_EXERCISE REQUIREMENTS_.
From the very first line of the records through the line that contains "Stick USB /", repeat everything exactly except the pictures, and add nothing.

-*-*-

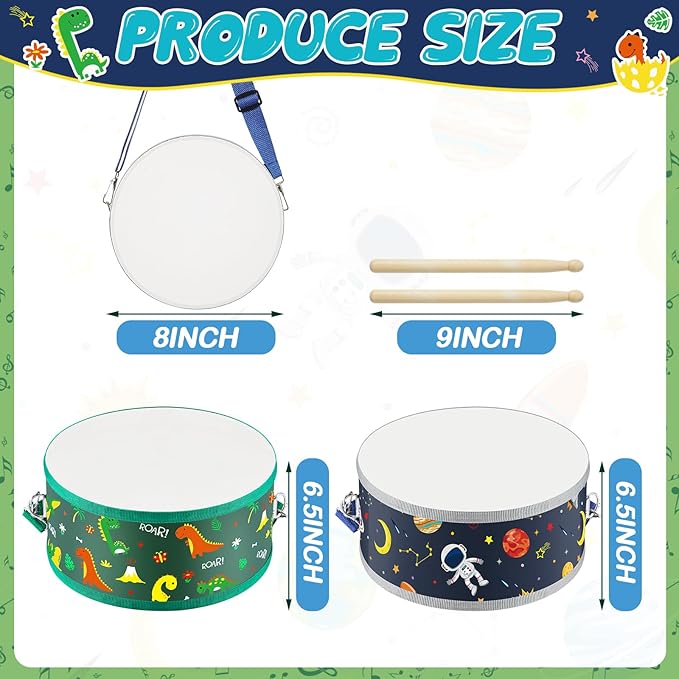 Boao 2 Pcs Kids Drum Set, 8 Inch Toddler Drum Wooden Toy with Adjustable Strap and 4 Drumsticks, Educational Sensory Musical Instrument for Toddlers Kid Baby Boys Girls Gift (Dinosaur)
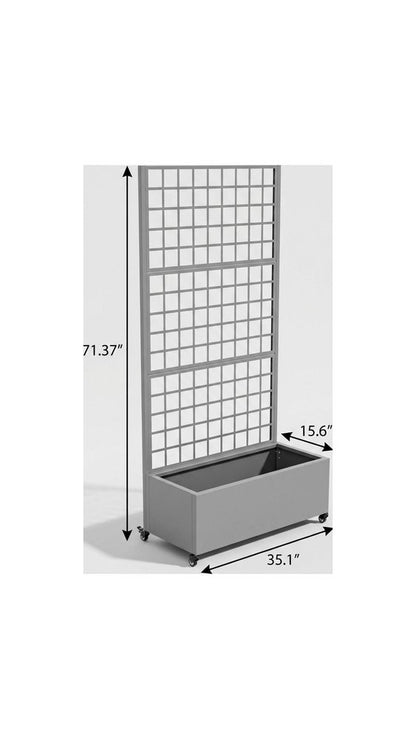 71" X 35" Gray Galvanized Metal Rectangular Planter Box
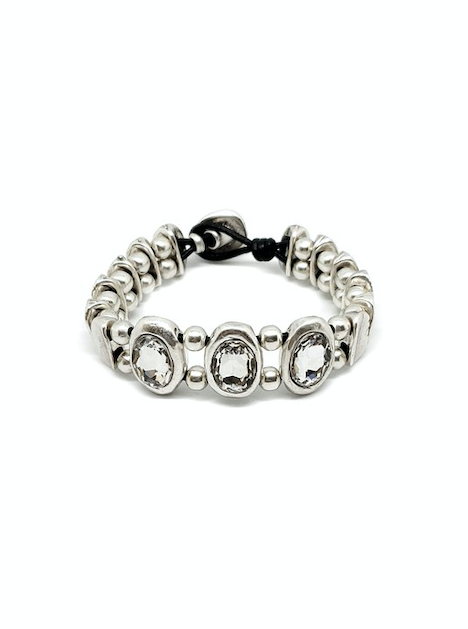 Hand made pewter silver plated bracelet with crystal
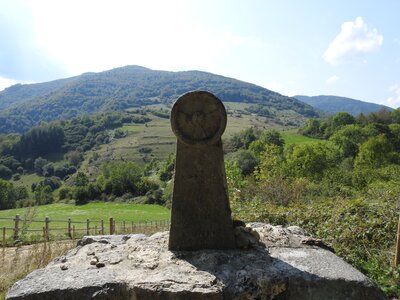Memorial stone below Château de Montségur, Ariège, Occitanie, southwestern France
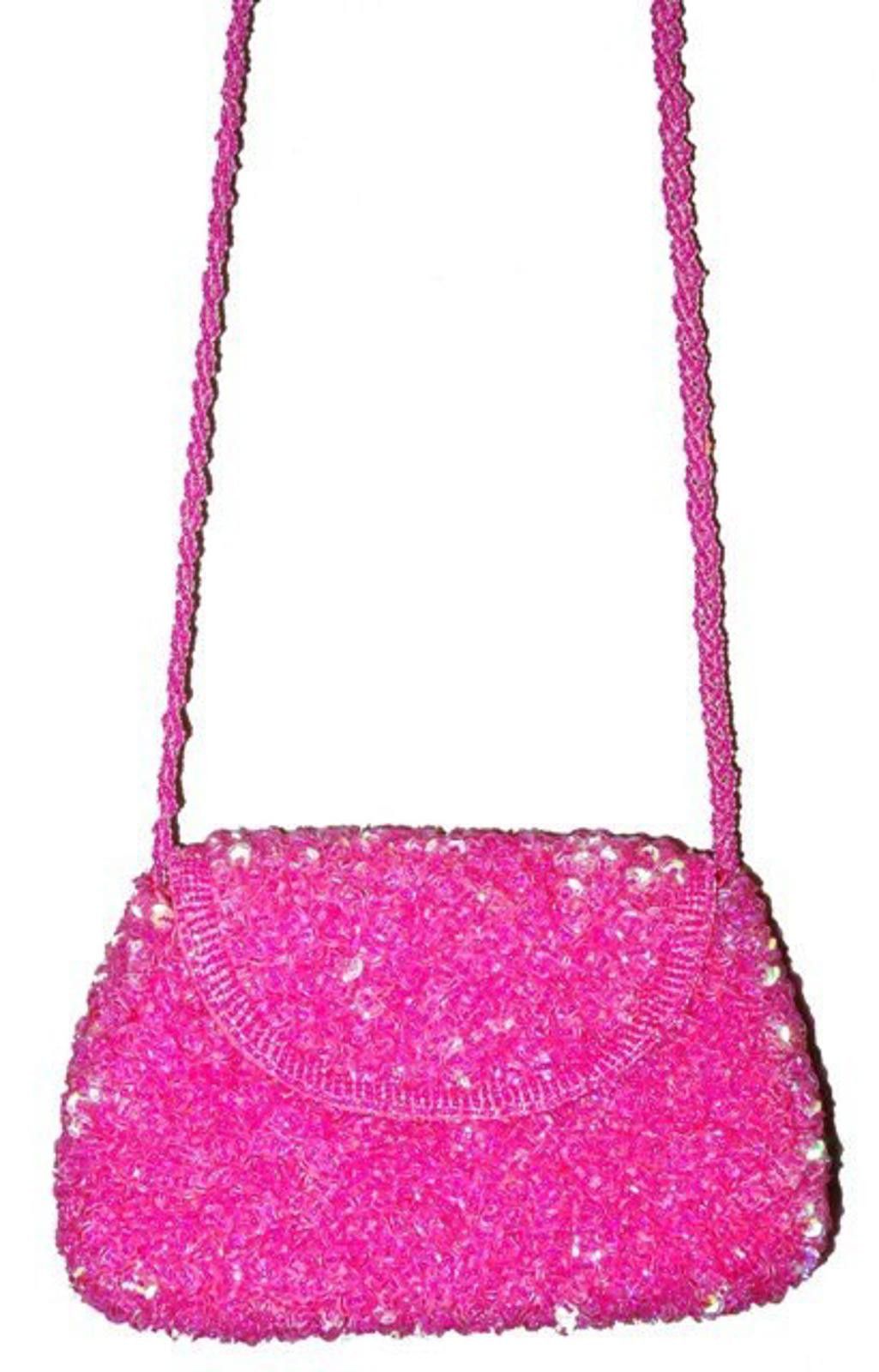 Designer Sequin Beaded Purse FUSHIA Size ONE SIZE - 1 Preview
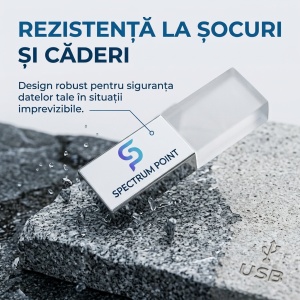Stick USB / Memorie USB SpectrumPoint, capacitate 128 GB, USB 2.0, OTG, compatibil Laptop/ PC / Telefon Mobil / Tableta, Carcasa metalica cu cristale luminoase, Argintiu - Img 4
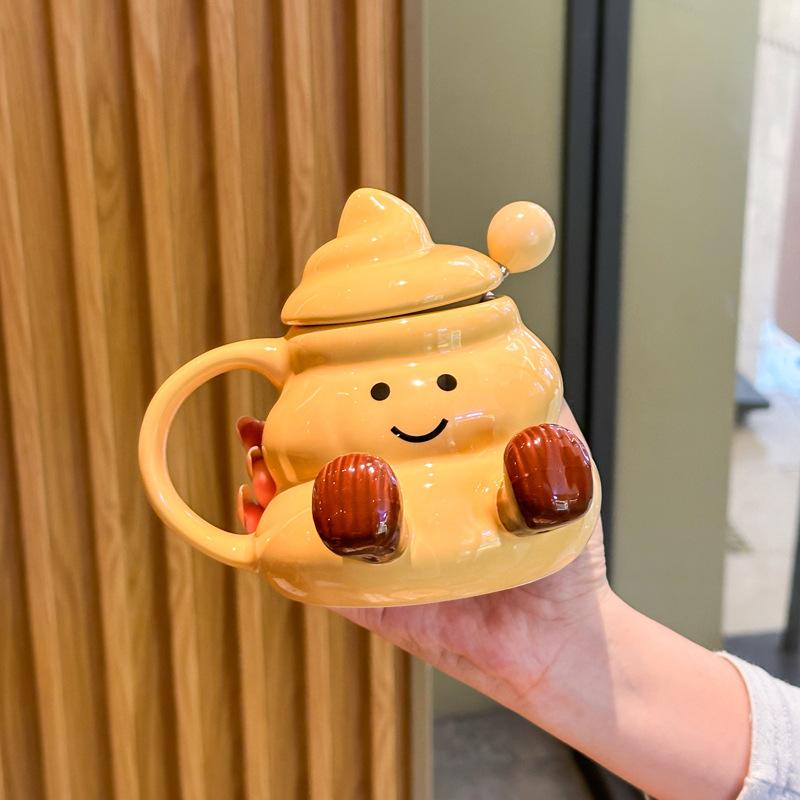 Baifenbai Home Furnishing Girls White Cute And Funny Poop Cup, Bizarre Ceramic Mug With Lid, Give Ugly Birthday Gifts
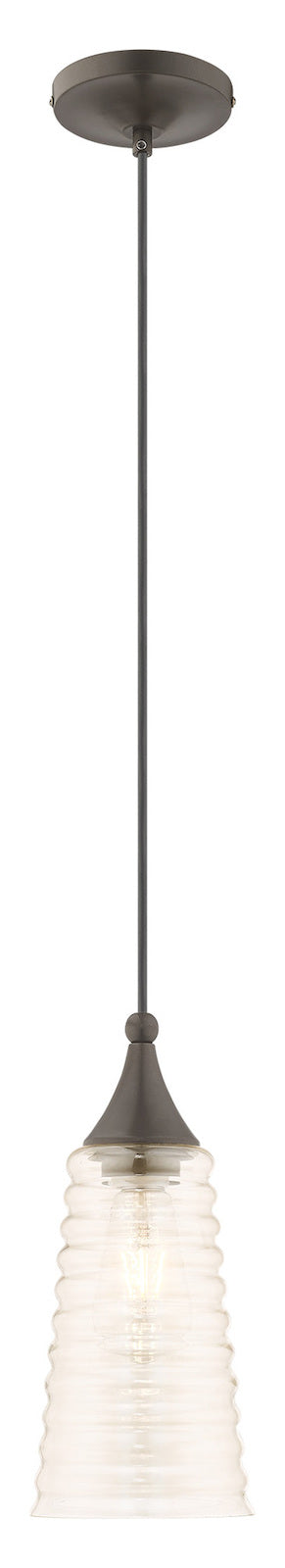 Art Glass 5.5 Inch 1 Light Mini Pendant With Champagne Glass by Livex Lighting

-*-*-

_PROBLEM SOLUTION_.
 Boao 2 Pcs Kids Drum Set, 8 Inch Toddler Drum Wooden Toy with Adjustable Strap and 4 Drumsticks, Educational Sensory Musical Instrument for Toddlers Kid Baby Boys Girls Gift (Dinosaur)
 71" X 35" Gray Galvanized Metal Rectangular Planter Box
 Hand made pewter silver plated bracelet with crystal
Memorial stone below Château de Montségur, Ariège, Occitanie, southwestern France
 Designer Sequin Beaded Purse FUSHIA Size ONE SIZE - 1 Preview
Stick USB / Memorie USB SpectrumPoint, capacitate 128 GB, USB 2.0, OTG, compatibil Laptop/ PC / Telefon Mobil / Tableta, Carcasa metalica cu cristale luminoase, Argintiu - Img 4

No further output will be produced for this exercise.